Recently comic actor Russell Brand and BBC broadcaster Jeremy Paxman sat down and talked, past each other. Watching it got me thinking about the value of rapport in creating understanding. The subject was Mr. Brand's editorial in New Statesman calling for a wholesale revision to the current political system in Britain. Mr. Paxman was in the role of an interviewer, but his questions failed to get below the surface of the comedian's premise, let alone his personality. And the loser in this lively exchange was the audience.
From the start, Mr. Paxman maintains a profound lack of verbal rapport. His main criticism of the call to revolution is that it lacks a practical plan. He is offered high level rhetoric and he responds with low level minutiae in order to reject Mr. Brand's argument, and also Mr. Brand, out of hand. There is sensational value in this limbic stimulation as we watch a host try to trap his guest for entertainment. The authority figure is totally winning the interview, in his mind. This mega-mismatch creates so much conflict that the viewer is deprived of a real discussion. When normal people interact, this is the exact opposite experience we're looking for. We win, when we win together.

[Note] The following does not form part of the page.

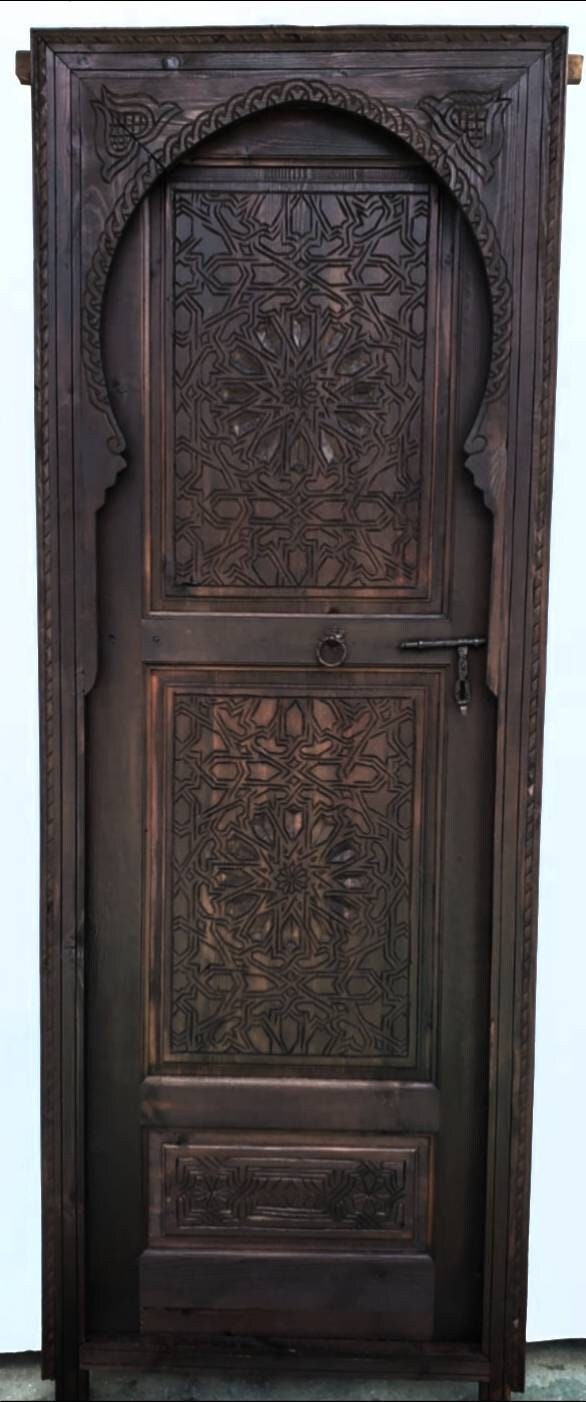 Hand Carved Moroccan Door, Alhambra Moorish Style, 79" x 29"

Then I started tracking the interview's body lingo. Arm slung over the back of the chair, head back, chest pushed out. If the viewer has two options of who to identify with (literally, see themselves as the same as), who are they going to be drawn to? The man projecting authority with his feet up on his metaphorical desk, or the passionate everyman using humor to skillfully dance with a rigid partner? That the viewer is unconsciously asking these questions is a problem to understanding. If the purpose of our communication is to remove the impediments to our partner's clear expression, so that what's important can rise to the surface, we can create a container for their success.
Still, there is an art to the snark. "How do you have any authority?" asks Mr. Paxman within the first few exchanges. "Why should we be asked to listen to your political point of view?" His hasty generalizations are deployed to discredit Brand without legitimately refuting his argument. This reliance on intellectual objection opens the door for Mr. Brand to swoop in and take the moral high ground.

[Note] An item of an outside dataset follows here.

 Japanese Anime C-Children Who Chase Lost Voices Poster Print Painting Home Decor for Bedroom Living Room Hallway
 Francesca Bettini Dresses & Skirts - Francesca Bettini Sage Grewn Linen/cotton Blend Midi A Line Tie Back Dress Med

With a colorful display of pathos, Mr. Brand ties the plight of Mr. Paxman's great-grandmother (a woman who raised her family in poverty) with a woman Mr. Brand had just spoken to. In this brief authentic moment, there's finally some compelling television. Brand upsets Paxman's apple cart. Had the interviewer been interviewing, Mr. Paxman would have been the one to use moments like this to his--or the viewer's, advantage.
As it was, the audience was dragged through an attempted takedown. This may be the mode of sensational broadcast entertainment, but is a poor model for anyone looking to communicate and add value in their relationships.